For the past eight years, non-profit groups in Russia have contended with a law branding them as “foreign agents” if they accept even nominal funding from abroad and engage in so-called “political activity,” levying fines and confronting them with bureaucratic hurdles that have often forced them to shut down.
For the past eight years, non-profit groups in Russia have contended with a law branding them as “foreign agents” if they accept even nominal funding from abroad and engage in so-called “political activity,” levying fines and confronting them with bureaucratic hurdles that have often forced them to shut down.
Now, individuals who publish anything online and receive any money from foreign sources will face the same legal obstacles.
Earlier this month, President Vladimir Putin signed into law several legislative amendments that will require individuals to register with Russia’s Justice Ministry as foreign agents if they publish, “printed, audio, audiovisual, or other reports and materials” while also receiving money from foreign governments, foreign organizations – or even simply foreign citizens.
Russian lawmakers passed the amendments in recent weeks despite opposition from activists, public figures, and international critics, who argued that the new restrictions would further stifle free speech. Russians don’t generally face outright censorship online, but they fear legal consequences for posting messages that could be perceived as anti-government. The new amendments seem devised to heighten that anxiety.
“The new norms allow the Russian government to block websites of foreign agents or legal entities established by them in case the information published by foreign media outlets violates Russian regulations,” the official TASS Russian newswire explains.

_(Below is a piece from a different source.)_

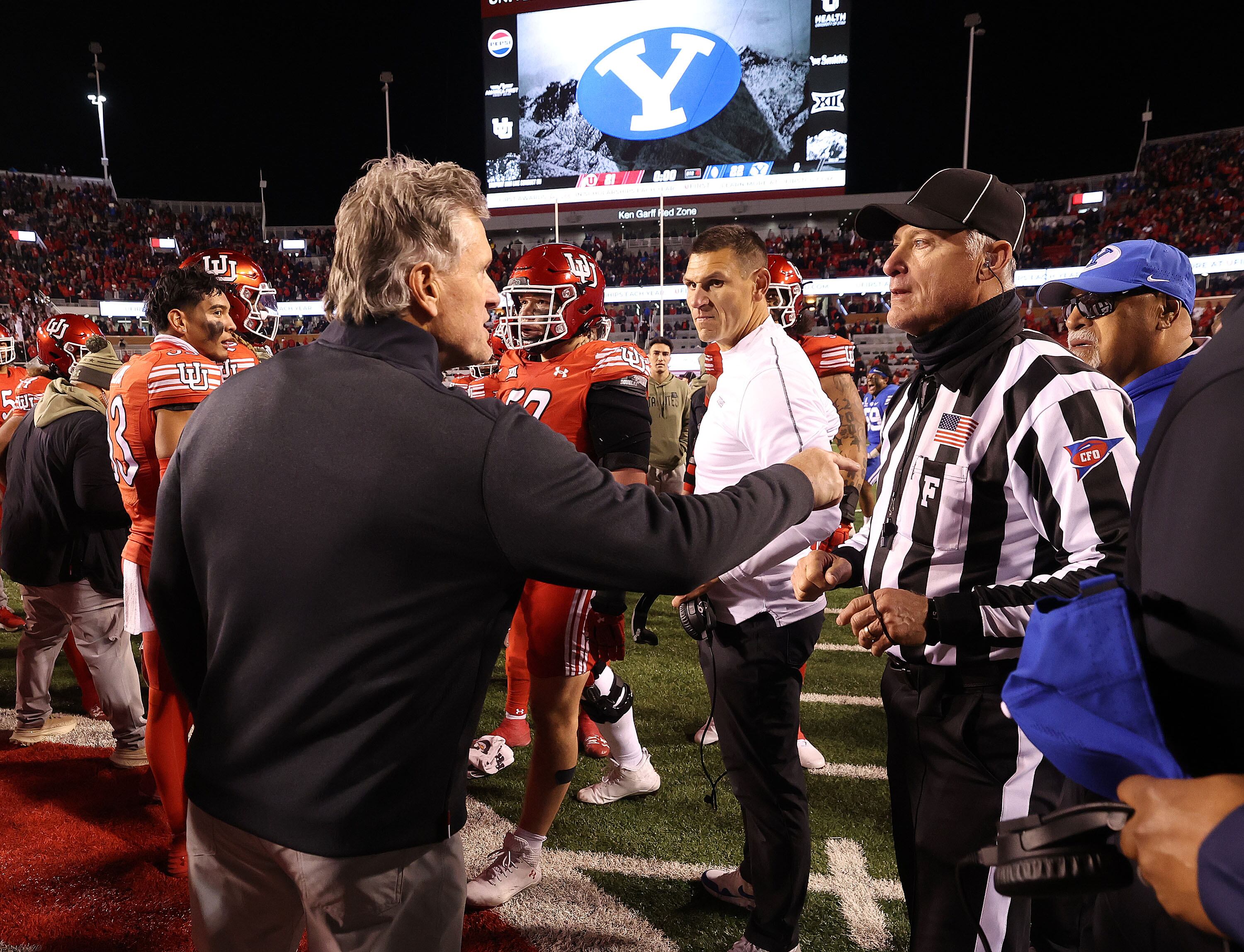 Utah Utes head coach Kyle Whittingham yells at the ref after the game at Rice-Eccles Stadium in Salt Lake City early Nov. 10, 2024. BYU won 22-21.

“If someone writes certain stories related to the socio-political situation, then [that person] risks possibly appearing [on the list of foreign agents],” Russian lawmaker Leonid Levin told TASS.
But because of the measure’s vague wording, it could be applied to individuals who distribute suspect content. This could deal a serious blow to Russia’s active blogosphere and social media environment. These platforms have long been considered open and safe for political debate.
Groups including Human Rights Watch and Committee to Protect Journalists said in a statement that the law “will have a detrimental impact on the already restrictive environment for independent journalism in Russia.”
“It will have a serious effect on international media cooperation with Russia because any involvement with a foreign outlet will put journalists at risk of being labeled ‘foreign agents,’” the groups write. “It will also become a strong tool to silence opposition voices. Bloggers have an important role in informing public opinion in Russia and this is an attempt to control this inconvenient source of information,” they write.
The Russian lawmakers said they were responding to foreign agent laws in other countries, pointing to the case of Maria Butina, the Russian gun-rights activist deported from the United States in October after being convicted of conspiring to act as an agent of a foreign government.
The amendments also appear to be pushback against the US Justice Department, which in 2017 required the Russia-funded channel RT America to register as a foreign agent.
Like many of Russia’s laws restricting freedom of expression, the new amendments appear to be designed for selective application in order to act as a deterrent. A lawmaker who helped draft the law, Vasily Piskarev, said that he expected the amendments to apply to “a small circle of individuals.”
“After inclusion on the register, these citizens and media entities can continue their creative activities and continue to publish, provided they fulfill certain conditions,” he added.
Russia’s daily Kommersant newspaper noted the vagueness of the law as it relates to Internet sharing culture, writing that “half the country” would risk running afoul of the new amendments. Russians working with foreign companies that receive foreign funding or scientists receiving international grants could be implicated under the amendments.
Failure to register as a foreign agent, or mark one’s stories or posts as coming from a foreign agent will be punishable by a yet-undetermined fine.
Among the news outlets designated as foreign actors in Russia since 2017 are Radio Free Europe/Radio Liberty (RFE/RL) and Voice of America, which are funded by US Congress. Such outlets are now required to fulfill extensive financial reporting obligations to the Russian government.
Russia’s foreign agent law first appeared in 2012 in an effort to end foreign funding of Russian non-government organizations. Civil society activists said the law was a throwback to the Soviet era and its culture of labeling anything with foreign associations as suspect and treasonous.
A poll taken in 2017 confirmed that association. When the Levada Center, Russia’s only independent pollster, asked Russians what they thought when they heard the term “foreign agent” as applied to NGOs, well over half said it inspires suspicion and fear. The Levada Center itself was labeled a foreign agent in 2018. Dozens of complaints about the foreign agent law have been lodged with the European Court of Human Rights in Strasbourg, but the court has yet to rule on them.